By Elizabeth Montalbano, IDG News Service |  SaaS, email, Exchange Server 2007 Add a new comment

Web domain and hosting provider GoDaddy Monday unveiled its first desktop mail offering based on a partnership with Microsoft to host Exchange Server 2007.

GoDaddy is offering two plans for individuals and small businesses that want to use Microsoft Outlook e-mail client and Exchange messaging server hosted on GoDaddy's infrastructure. One plan offers one Outlook mailbox with 2G bytes of storage for US$9.99 a month. The other offers five Outlook mailboxes with a total of 20G bytes of storage for $59.99 a month.

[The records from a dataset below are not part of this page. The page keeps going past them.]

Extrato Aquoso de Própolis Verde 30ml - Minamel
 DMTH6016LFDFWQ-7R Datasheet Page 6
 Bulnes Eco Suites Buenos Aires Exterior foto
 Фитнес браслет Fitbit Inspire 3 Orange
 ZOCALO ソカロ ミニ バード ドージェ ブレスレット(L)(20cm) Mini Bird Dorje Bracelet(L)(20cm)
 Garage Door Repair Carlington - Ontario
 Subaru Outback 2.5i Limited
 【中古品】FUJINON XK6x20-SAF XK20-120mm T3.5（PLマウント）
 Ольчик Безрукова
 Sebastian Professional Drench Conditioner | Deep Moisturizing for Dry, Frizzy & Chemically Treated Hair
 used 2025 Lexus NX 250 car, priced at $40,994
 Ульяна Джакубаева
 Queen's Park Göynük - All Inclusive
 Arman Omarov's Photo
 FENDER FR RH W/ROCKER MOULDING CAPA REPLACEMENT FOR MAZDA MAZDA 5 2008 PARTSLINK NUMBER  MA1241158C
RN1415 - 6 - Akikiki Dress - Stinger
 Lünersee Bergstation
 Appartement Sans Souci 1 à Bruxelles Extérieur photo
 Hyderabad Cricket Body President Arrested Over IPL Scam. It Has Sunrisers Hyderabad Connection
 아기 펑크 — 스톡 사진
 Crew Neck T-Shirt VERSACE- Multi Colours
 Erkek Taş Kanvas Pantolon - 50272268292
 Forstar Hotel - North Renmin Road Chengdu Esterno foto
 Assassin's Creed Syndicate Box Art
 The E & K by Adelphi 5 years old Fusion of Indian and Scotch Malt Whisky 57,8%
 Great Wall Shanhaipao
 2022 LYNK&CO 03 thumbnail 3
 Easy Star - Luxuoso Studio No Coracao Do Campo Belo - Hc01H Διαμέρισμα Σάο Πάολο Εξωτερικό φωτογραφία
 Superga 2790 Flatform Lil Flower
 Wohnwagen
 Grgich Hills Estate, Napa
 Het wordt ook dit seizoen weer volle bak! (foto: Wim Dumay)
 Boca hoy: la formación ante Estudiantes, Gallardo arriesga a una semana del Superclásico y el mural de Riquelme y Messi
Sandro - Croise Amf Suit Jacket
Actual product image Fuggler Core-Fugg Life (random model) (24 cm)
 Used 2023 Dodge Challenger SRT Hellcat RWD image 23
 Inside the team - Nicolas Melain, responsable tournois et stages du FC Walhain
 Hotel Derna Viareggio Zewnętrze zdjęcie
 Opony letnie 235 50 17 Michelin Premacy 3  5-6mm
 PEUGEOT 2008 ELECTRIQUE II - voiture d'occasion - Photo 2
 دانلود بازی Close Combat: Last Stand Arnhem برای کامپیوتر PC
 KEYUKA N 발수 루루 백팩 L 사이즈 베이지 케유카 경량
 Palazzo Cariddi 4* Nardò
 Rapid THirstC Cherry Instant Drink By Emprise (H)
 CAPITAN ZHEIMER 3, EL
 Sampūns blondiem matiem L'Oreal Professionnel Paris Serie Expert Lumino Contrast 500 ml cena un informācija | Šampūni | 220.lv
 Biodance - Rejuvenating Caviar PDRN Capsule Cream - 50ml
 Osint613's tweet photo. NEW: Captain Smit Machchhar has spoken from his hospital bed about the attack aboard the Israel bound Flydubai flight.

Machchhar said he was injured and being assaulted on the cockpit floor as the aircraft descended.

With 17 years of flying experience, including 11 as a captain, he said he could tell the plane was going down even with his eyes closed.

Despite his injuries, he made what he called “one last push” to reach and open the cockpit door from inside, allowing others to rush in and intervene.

Both offerings include Microsoft Outlook 2007 or Entourage 2008, the equivalent for Apple's Macintosh platform, as well as mobile access to e-mail.

GoDaddy, best known for its domain-registration service, has offered its own hosted, Web-based e-mail for some time. However, demand from customers who already use Microsoft Outlook spurred the company to partner with Microsoft to give customers another hosted e-mail option, said Warren Adelman, president and CEO of GoDaddy.

"It's about offering customers choice," he said. "There are people who use the Outlook client, and there are lots of small companies that use an Exchange Server. We didn't want to have to force them to go to a fully Web-based environment."

Adelman added that some small-business customers who look to GoDaddy to be an "IT business partner" said that they don't have the IT staff or infrastructure to run Exchange Server on premise, but wanted to use the software and the Outlook client for e-mail. "An offering that was essentially a hosted or cloud-based [Exchange] service was attractive to them," he said.

GoDaddy is offering Exchange Server through a licensing partnership with Microsoft, the terms of which Adelman declined to discuss. The company also is part of a program Microsoft already has for partners that offer Exchange as a hosted service to customers.

Microsoft has allowed third parties to offer its Exchange Server on a hosted basis for some time and recently expanded the number of its applications third parties can host to include its SharePoint collaboration and Office Communications Server unified-communications software. Partners can offer all three on a hosted basis to customers as part of a package called Microsoft Solution for Hosted Messaging and Collaboration 4.5.

However, Microsoft soon will become a competitor of these partners as well. Under pressure from Google and other companies that offer their own hosted services to businesses, Microsoft said that next year it will begin offering hosted versions of all three applications as well as Office Live Meeting directly to customers for a monthly subscription.